Polozoff le escuchaba en silencio y miraba de vez en cuando la puerta por donde tenía que venir el almuerzo... El almuerzo llegó por fin. El primer camarero, acompañado por otros dos mozos, trajo muchos platos cubiertos con campanas de plata.

—¿Es tu hacienda del gobierno de Tula? —dijo Polozoff poniéndose a la mesa y pasándose la punta de la servilleta por dentro de la trilla de la camisa.

—Sí.

—Cantón de Efremoff, ya sé.

—¿Conoces mi Alesievska? —preguntó Sanin sentándose también

—Ciertamente que la conozco. —(Polozoff se metió en la boca un trozo de tortilla con trufas)—. María Nicolavna, mi mujer, tiene allí cerca una finca... ¡Camarero, destape usted esta botella! ... La tierra no es mala, pero los campesinos te han talado el bosque. ¿Por qué la vendes?

—Necesito dinero. No la vendo cara. Si la comprases tú, vendría de molde.

Polozoff sorbió un vaso de vino, se limpió con la servilleta y se puso otra vez a mascar despacio y con ruido. Por fin dijo:

—Sí, yo no compro tierras, no tengo dinero... Dame la manteca... Acaso la compre mi mujer. Háblale de eso. Si no pides caro... Por supuesto que ella ni se para en barras por eso... Pero ¡qué burros son estos alemanes! ¡Ni siquiera saben cocer un pescado! Y, sin embargo, ¿hay algo más sencillo? Y tienen la poca lacha de hablar de la unificación de su Vaterland...! ¡Mozo, llévese usted esta porquería!

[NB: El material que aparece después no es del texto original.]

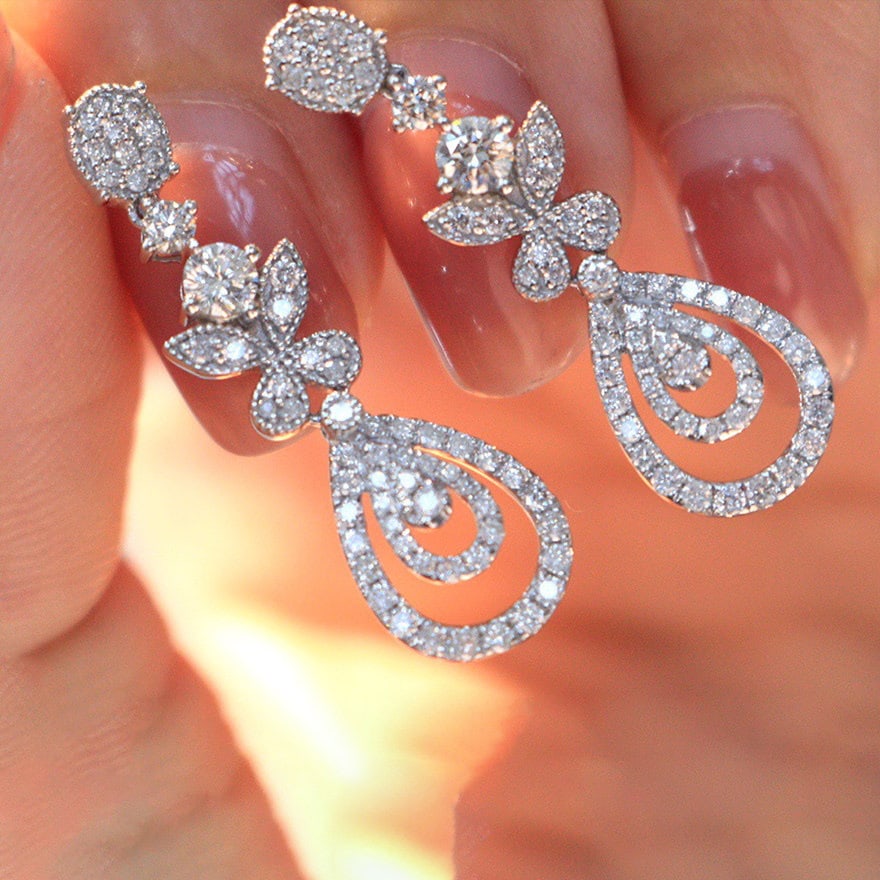 14k Gold 1 Ct Natural H Diamond Earrings - 4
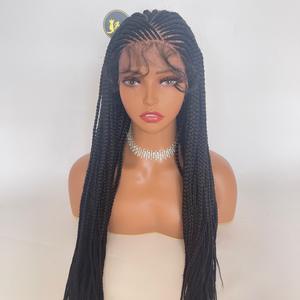 <span class=keywords><strong>Jennifer</strong></span> – perruque Lace Front Wig synthétique tressée à trois brins pour femme noire, nouvelle marque grise 2 Style indien - Product Image 5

—¿De veras se ocupa tu mujer misma de la administración de sus bienes? preguntó Sanin.

—Sí, ella misma... Por lo menos, ¡buenas chuletas! Te las recomiendo... Ya te he dicho, Demetrio Pavlovitch, que no me meto para nada en los negocios de mi mujer; y vuelvo a repetirlo.

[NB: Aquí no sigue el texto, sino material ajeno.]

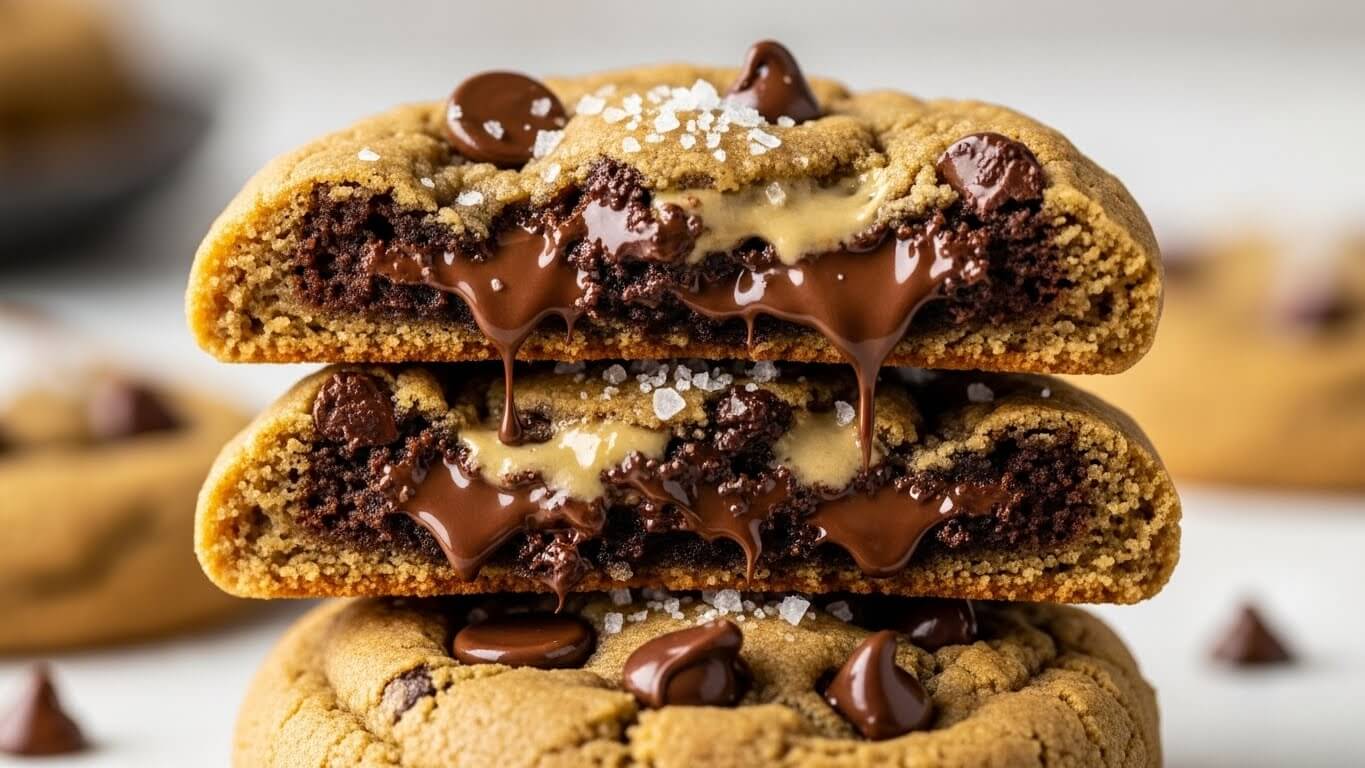 Stack of chewy tahini chocolate chip cookies garnished with flaky sea salt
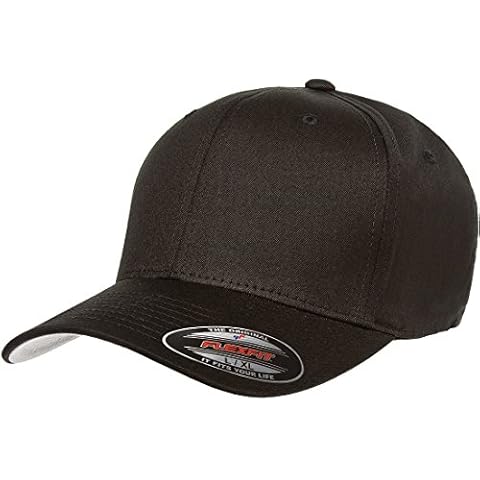 Flexfit Cotton Twill Fitted Cap, Black, Small/Medium Cover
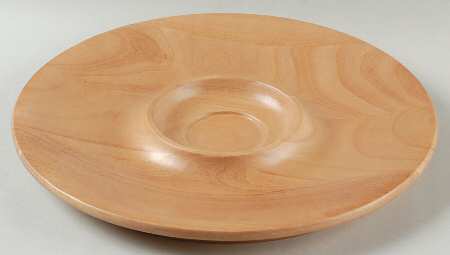Blue Italian Wood Plate for Chip & Dip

Polozoff continuó comiendo con chasquidos de labios. —¡Hum...! Pero ¿cómo podría yo hablarle, Hipólito Sidorovitch?

—Pues... muy sencillo, Demetrio Pavlovitch. Vete a Wiesbaden; no está lejos de aquí... ¡Mozo! ¿Hay mostaza inglesa? ¿No? ¡Qué brutos...! Pero no pierdas tiempo; nos vamos pasado mañana... Permite que te sirva un vaso de este vino. No es aguapié; tiene aroma.

Enrojecióse el rostro de Polozoff y se animó, lo cual sólo le sucedía cuando estaba comiendo... o bebiendo.

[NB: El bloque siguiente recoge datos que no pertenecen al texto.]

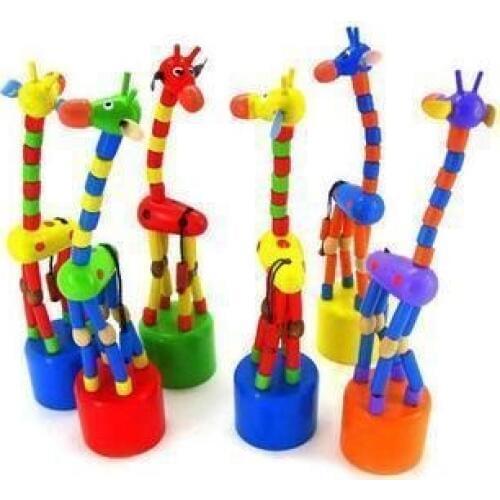 Baby infant toy wooden colorful dancing giraffe action toys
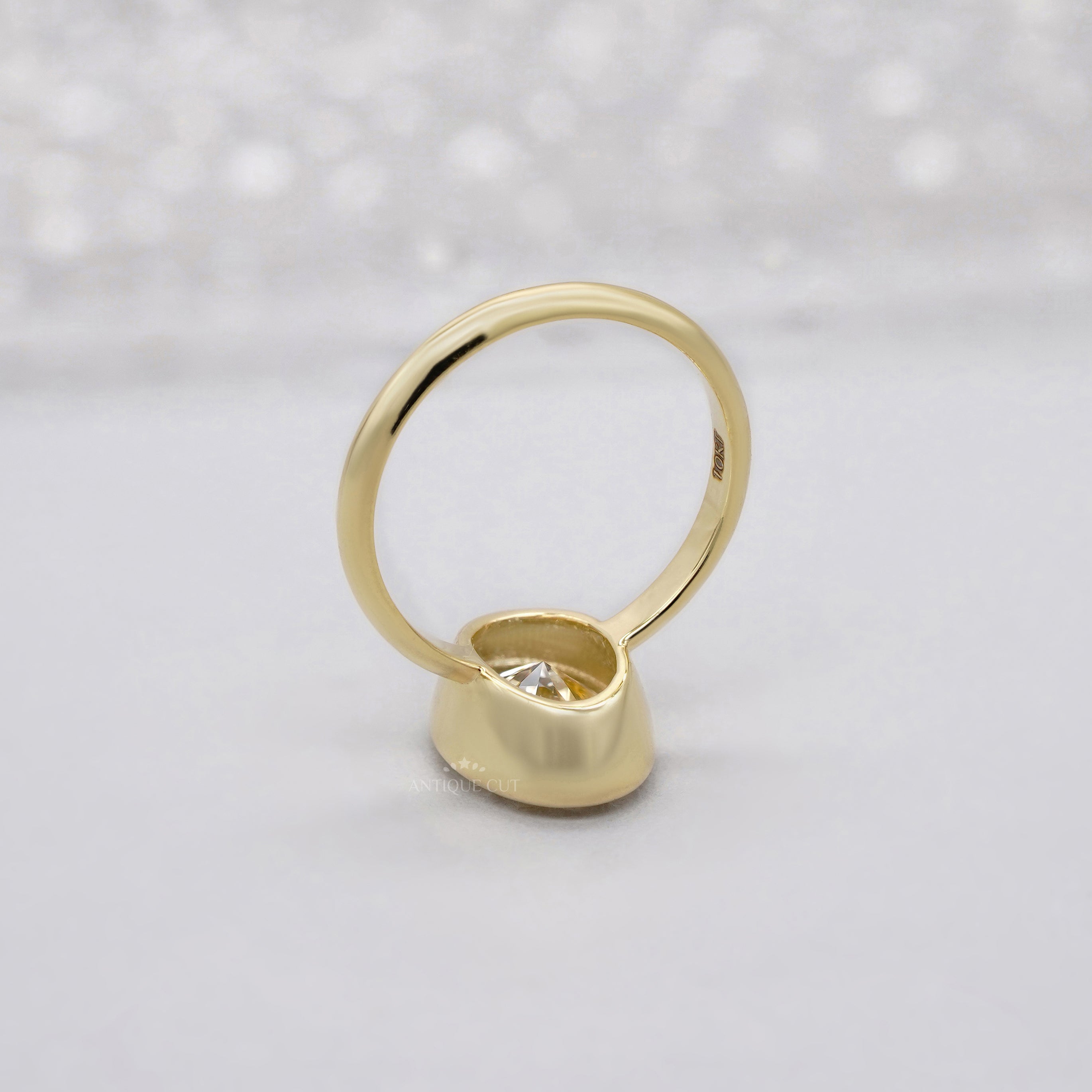 Oval 2.00ct Lab Grown Diamond Bezel Set Engagement Ring in Yellow Gold | IGI Certified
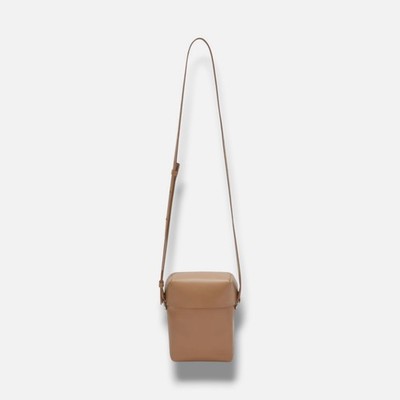 Jil Sander Mens Beige Leather Small Magnetic Lid Crossbody Bag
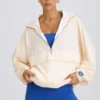 Oversized treningsjakke i hvitt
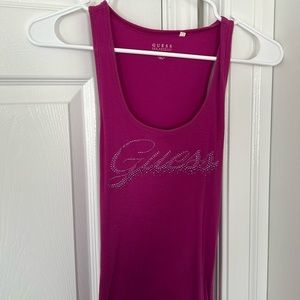 Bedazzled sparkly GUESS pink purple tank top y2k 90s vintage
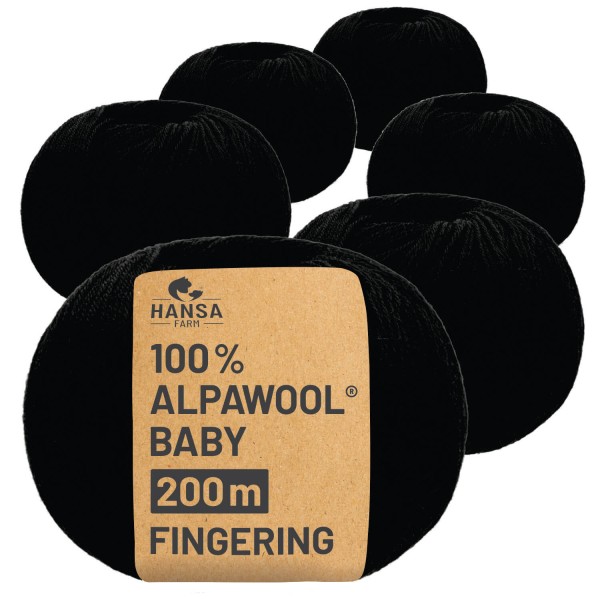 Alpawool® Baby 200 Fingering NFA15 - 6x50g Alpakawolle Schwarz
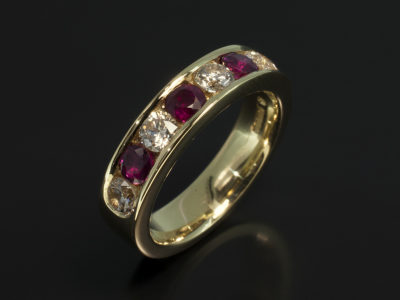 Ladies Diamond and Ruby Eternity Ring, Yellow Gold Channel Set Design, 3,5mm Rubies and Round Brilliant Cut Diamonds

—En verdad —murmuró Sanin—: no sé cómo arreglármelas.

—Pero, ¿qué es lo que tanto te apremia?

—Querido, es que justamente estoy apremiado.

—¿Necesitas una suma cuantiosa?

—Sí, tengo... ¿cómo te lo diré...? Tengo el propósito de casarme. Polozoff dejó en la mesa el vaso que iba a llevarse a los labios.

—¿Casarte? —dijo con voz ronca de asombro, y cruzó las abotagadas manos sobre el estómago—. ¿Tan prematuramente?

—Sí, enseguida.

—Supongo que estará en Rusia tu prometida.

—No, no está en Rusia.

—Pues entonces, ¿dónde? :

—Aquí, en Francfort.

—¿Quién es ella?

—Una alemana; es decir, no, una italiana establecida aquí.

—¿Con dote?

—Sin dote.

—Entonces, preciso es que sientas un amor violentísimo

—¡Qué guasón eres...! Sí, muy violento.

—¿Y para eso necesitas dinero?

—Pues, ¡sí, sí y sí!

Polozoff tragó el vino, se enjugó la boca, se lavó las manos, se las enjugó a conciencia en la servilleta, sacó un cigarro y lo encendió. Sanin le miraba en silencio.

—No veo más que un medio —dijo por fin Polozoff, echando atrás la cabeza y dejando salir por entre los labios una tenue bocanada de humo—. Vete a ver a mi mujer... Si quiere, con su blanca mano reparará todo el mal.

—Pero, ¿cómo arreglármelas para verla? ¿No dices que os vais pasado mañana?

Polozoff cerró los ojos.

Escucha dijo dando vueltas al cigarro entre los labios y resoplando—: vete a tu casa, vístete lo más de prisa posible y vuelve aquí. Me voy dentro de una hora; mi coche es muy espacioso; te llevo conmigo. Eso es lo mejor. Y ahora, voy a echar un sueño. Querido, cuando como, necesito imprescindiblemente dormir después. Mi temperamento lo exige, y yo no me opongo a ello. No me lo estorbes, si te place.

Sanin meditó, meditó... y de pronto alzó la cabeza. Se había decidido.

—Bueno, consiento en ello, y te doy las gracias. A las doce y media estaré aquí, y nos iremos juntos a Wiesbaden. Espero que tu mujer no me tome ojeriza...

Pero Polozoff roncaba ya, murmurando:

—¡No me molestes!

Agitó las piernas y se durmió como un recién nacido.

Sanin echó otra mirada a su amazacotada persona, a su cabeza, su cuello, su barba al aire, redonda como una manzana; salió de la fonda y dirigióse a paso largo a la confitería Roselli. Necesitaba advertir a Gemma.